虹色と幸運 (ちくま文庫)
虹色と幸運 (ちくま文庫) / 感想・レビュー
ユメ
最近「大人になる」ってどういうことだろう、なんて思う。どうしても、周りが大人であるのに対して、自分が子どもであるような気がしてしまうのだ。私の少し先をゆく30代の主人公たち。彼女たちもまた「ちゃんとした大人とは」と悩んでいるのを見て、みんな意外と、年を重ねても同じことを考えているのだなと思った。はっきりした答えはない。それを知って感じるのは、軽い諦めと、希望。「ちゃんとした大人」になれないままでも、自分の足で歩いていくことはできる。日常の中の些細な事象がきらっと光り、雲の隙間から虹が覗いたような読後感。
2016/11/26
エドワード
私たちはいつ大人になるのだろう。江南亜美子さんの解説がテーマを明快に示している。主人公は三十歳の同級生、大学職員の本田かおり、イラストレーターの水島珠子、念願の雑貨店を開いた春日井夏美。夏美だけ結婚して三人の子供がいる。季節の彩り、街のざわめき。物語自体は終始穏やかだ。かつてのトレンディドラマのような、三人を取り巻く群像劇の楽しさ。
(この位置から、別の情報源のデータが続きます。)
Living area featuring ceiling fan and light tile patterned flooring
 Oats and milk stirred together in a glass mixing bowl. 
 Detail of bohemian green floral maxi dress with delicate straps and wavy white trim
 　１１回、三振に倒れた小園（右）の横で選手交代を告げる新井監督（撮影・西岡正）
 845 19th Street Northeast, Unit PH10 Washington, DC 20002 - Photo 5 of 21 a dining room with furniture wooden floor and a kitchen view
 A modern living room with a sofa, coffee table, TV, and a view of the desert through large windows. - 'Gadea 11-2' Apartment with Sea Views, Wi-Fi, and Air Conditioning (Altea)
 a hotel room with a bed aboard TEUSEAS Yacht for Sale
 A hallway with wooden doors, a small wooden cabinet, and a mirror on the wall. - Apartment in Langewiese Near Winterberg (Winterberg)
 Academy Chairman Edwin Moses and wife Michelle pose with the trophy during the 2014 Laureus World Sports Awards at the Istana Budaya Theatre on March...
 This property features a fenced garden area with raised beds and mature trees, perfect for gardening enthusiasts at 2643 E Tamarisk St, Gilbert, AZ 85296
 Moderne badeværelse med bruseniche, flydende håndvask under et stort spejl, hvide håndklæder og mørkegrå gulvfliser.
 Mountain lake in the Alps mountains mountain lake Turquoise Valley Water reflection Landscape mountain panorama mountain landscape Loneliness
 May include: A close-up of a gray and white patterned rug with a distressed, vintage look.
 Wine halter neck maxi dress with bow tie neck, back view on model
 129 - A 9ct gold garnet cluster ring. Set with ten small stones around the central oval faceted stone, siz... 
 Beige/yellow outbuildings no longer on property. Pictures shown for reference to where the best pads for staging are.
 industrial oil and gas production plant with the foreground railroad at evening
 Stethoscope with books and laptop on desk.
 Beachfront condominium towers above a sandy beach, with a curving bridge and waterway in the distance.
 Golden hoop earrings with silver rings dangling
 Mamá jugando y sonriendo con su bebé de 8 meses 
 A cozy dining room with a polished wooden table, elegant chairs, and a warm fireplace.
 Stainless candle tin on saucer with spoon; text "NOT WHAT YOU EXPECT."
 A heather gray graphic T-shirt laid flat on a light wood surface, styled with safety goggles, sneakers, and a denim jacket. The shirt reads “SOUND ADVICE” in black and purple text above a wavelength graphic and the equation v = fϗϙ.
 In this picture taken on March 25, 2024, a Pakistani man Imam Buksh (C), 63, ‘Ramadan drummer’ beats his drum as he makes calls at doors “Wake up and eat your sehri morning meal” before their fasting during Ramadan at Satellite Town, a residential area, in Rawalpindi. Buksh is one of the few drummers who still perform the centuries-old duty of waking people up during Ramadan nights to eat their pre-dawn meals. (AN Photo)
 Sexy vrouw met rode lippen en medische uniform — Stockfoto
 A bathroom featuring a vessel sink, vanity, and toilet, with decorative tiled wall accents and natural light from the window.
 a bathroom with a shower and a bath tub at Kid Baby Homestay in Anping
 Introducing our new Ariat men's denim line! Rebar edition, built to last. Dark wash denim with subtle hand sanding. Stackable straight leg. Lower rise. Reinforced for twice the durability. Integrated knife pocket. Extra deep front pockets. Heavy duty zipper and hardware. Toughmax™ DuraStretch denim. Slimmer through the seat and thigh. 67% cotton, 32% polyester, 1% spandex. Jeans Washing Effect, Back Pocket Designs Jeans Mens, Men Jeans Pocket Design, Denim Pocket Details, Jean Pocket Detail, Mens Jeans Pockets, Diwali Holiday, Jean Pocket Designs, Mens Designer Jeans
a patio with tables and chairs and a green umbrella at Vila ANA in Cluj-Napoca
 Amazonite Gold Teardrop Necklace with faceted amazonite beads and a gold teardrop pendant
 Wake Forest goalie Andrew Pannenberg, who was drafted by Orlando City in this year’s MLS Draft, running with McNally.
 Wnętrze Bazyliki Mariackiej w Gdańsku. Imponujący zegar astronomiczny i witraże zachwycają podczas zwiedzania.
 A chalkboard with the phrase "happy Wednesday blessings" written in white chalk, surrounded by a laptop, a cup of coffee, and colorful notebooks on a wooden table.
かおりは年下の役者志望の準之助と同居、珠子は昔の恋人・新太と再会する。結婚はまだ先かな?家族がいれば心配事が増え、いなければ将来が不安だ。三十歳のリアルを描く柴崎さんの優しさ。
2023/02/10
niisun
久しぶりに再会した3人の女性を取り巻く人生模様。と言っても再会から1年間をじっくりと描いた作品です。たった1日の出来事を一遍の小説にした、行定勲監督によって映画化もされた柴崎さんの第一作『きょうのできごと』を思い出しました♪ 「大人になるとは?」「ちゃんとした人間になるとは?」。モラトリアムではなく、しっかりと地に足付けて生きていながらの葛藤は、様々な世代の共感を得そうな気がします。 しかし、こういう荒波経たたない凪いだ物語を書かせたら、同じく芥川賞作家の津村記久子さんか柴崎友香さんかって感じですね!
2015/05/24
橘
面白かったです。ちゃんとした大人になってるのかな、ってわたしも頻繁に感じますが、大人になり続ける、という生き方でいいのかもなと思いました。3人の付かず離れずの関係がちょうどよかったです。
2015/10/15
三平
小さな雑貨屋を営む既婚で3人の子持ちの夏美、年下の役者志望の青年と暮らす大学事務員のかおり、実家暮らしのイラストレーター珠子。10代に出会い、その後それぞれの人生を歩む彼女らの30代に入っての1年を描く小説。小説の醍醐味の一つが自分以外の人の心をのぞき、わかるわかる!と共感したり、こういう捉え方もあるんだとしんみりさせられたりすることだと思う部分だと思うのだが、本作は三人称でありながら登場人物たちの心情をうまく織り込み、充分味あわせてくれる。落ち込むこともあるけれど、それでも一歩一歩歩く女性の物語。